What you probably should have done, rather than including the full path to wstp.h in your source file, is to add -I/usr/local/Wolfram/Mathematica/10.4/SystemFiles/Links/WSTP/DeveloperKit/Linux-x86-64/CompilerAdditions/ to your link line. And you would also need to add -L/usr/local/Wolfram/Mathematica/10.4/SystemFiles/Links/WSTP/DeveloperKit/Linux-x86-64/CompilerAdditions/ -lWSTP64i4 to take care of the unresolved dependency.

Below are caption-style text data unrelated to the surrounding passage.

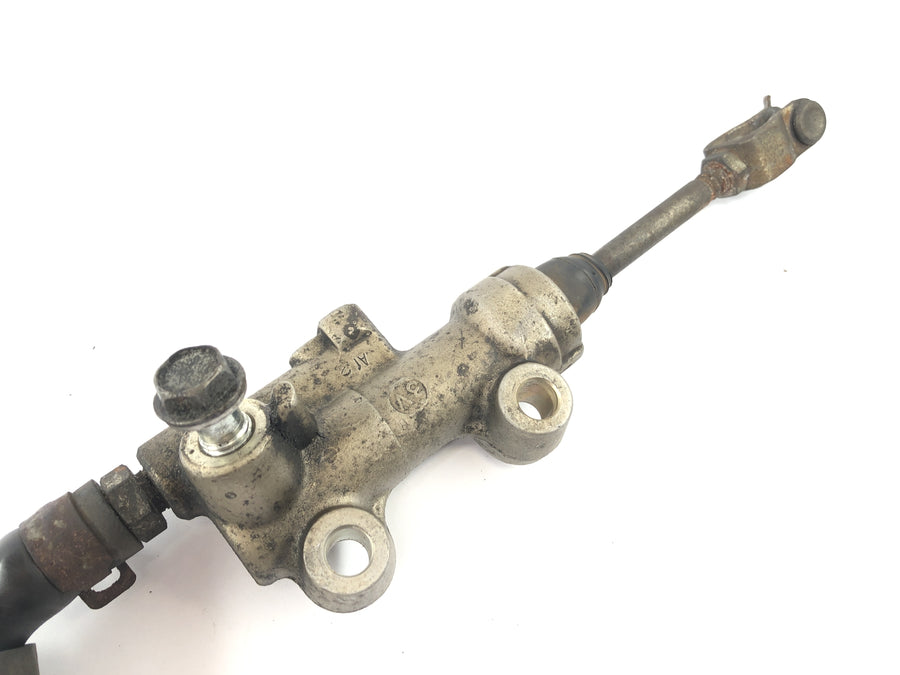 Kawasaki ZX -10 ZXT00B [1990] - foot brake pump brake pump rear brake cylinder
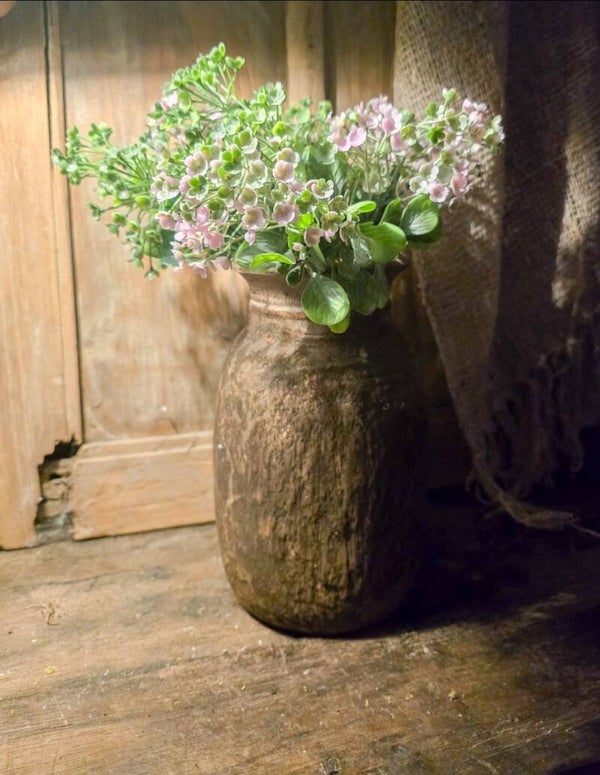 Nepalese pot M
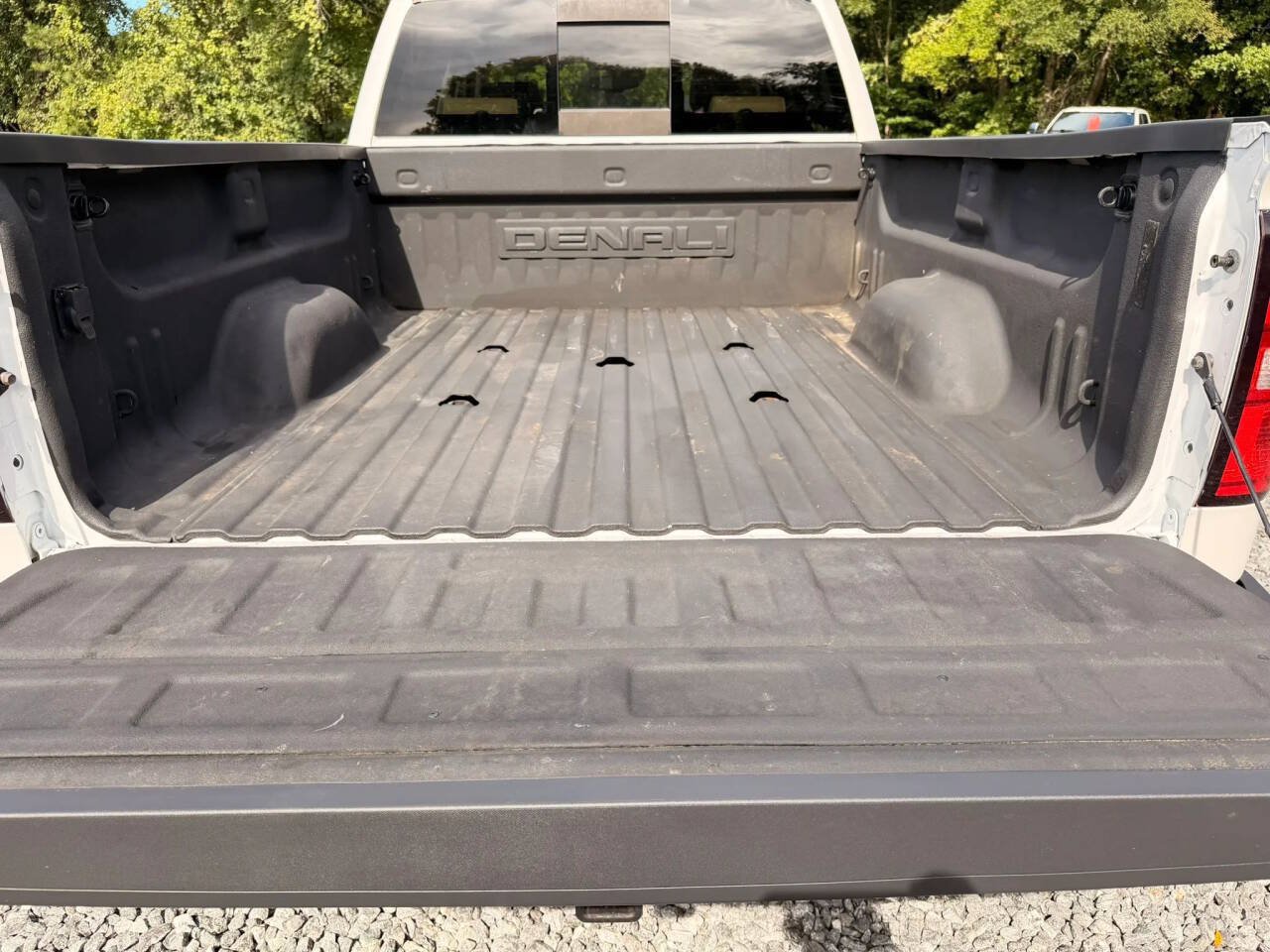 Used 2018 GMC Sierra 2500 Denali w/ Duramax Plus Package AWD/4WD image 6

In sum, it should look like this:

mcc -Wall -I/usr/local/Wolfram/Mathematica/10.4/SystemFiles/Links/WSTP/DeveloperKit/Linux-x86-64/CompilerAdditions/ -L/usr/local/Wolfram/Mathematica/10.4/SystemFiles/Links/WSTP/DeveloperKit/Linux-x86-64/CompilerAdditions/ -lWSTP64i4 -o f.exe f.tm f.c

Hopefully that should work, but as I said, I can't really test this because I'm not running Linux, so I could have missed something. More information is given in the documentation under WSTP Development in C (Linux)


By the way: for your actual problem, I'd be looking for a native C library for function minimization, if I were you, rather than trying to use Mathematica in that capacity. Of course, you can do if if you really need to, but it makes your life more difficult than necessary and currently you are going in the wrong direction (calling C from Mathematica, rather than calling Mathematica from C).